Monday, March 23, 2009

weekly media watch - 03.23


Topps Baseball Cards Get a Little Cooler

What is it?

With today’s sophisticated video games, social networks and endless amounts of online content, baseball cards need to work hard to be “cool” again –especially with kids. Augmented reality technology may be a step in the right direction. This month, Topps introduced special 3D Live baseball cards that users can hold in front of webcams; then, almost magically, three-dimensional avatars of the players appear on the computer screen. By rotating the card in your hand, you can see the full perspective of the figure.

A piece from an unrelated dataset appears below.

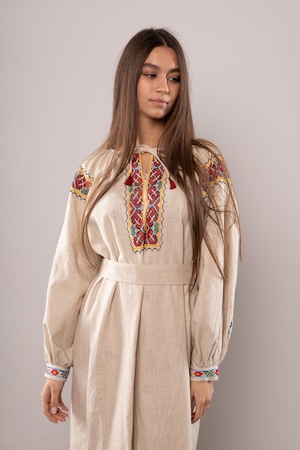 ウクライナ刺繍ヴィシヴァンカ・クラシック イワノフランキースク州モデル　クロスステッチ　手刺繍　ブラウス　麻　レディース・フリーサイズ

According to the NYTimes, sports trading cards used to be a $1 billion business, but the market has shrunk to about $200 million in annual revenue. Total Immersion is a French company that approached Topps, still one of the dominant players in the trading card industry, with their augmented reality idea for the cards. Their technology has been used in theme parks, print ad integration as well as retail environments. (Source: NYTimes)

Why is it interesting?

It’s difficult to pinpoint today’s baseball card equivalent: Total Xbox LIVE points? The number of friends you have on Facebook? Comments on your blog? Baseball card fans used to take years to build a worthy collection and the physical act of trading cards was a social experience between friends and other collectors. Today’s collectors, mostly boys, can easily find sports stats and facts online. By adding an interactive, engaging layer to the cards through augmented reality, the industry could successfully transition into today’s digital world.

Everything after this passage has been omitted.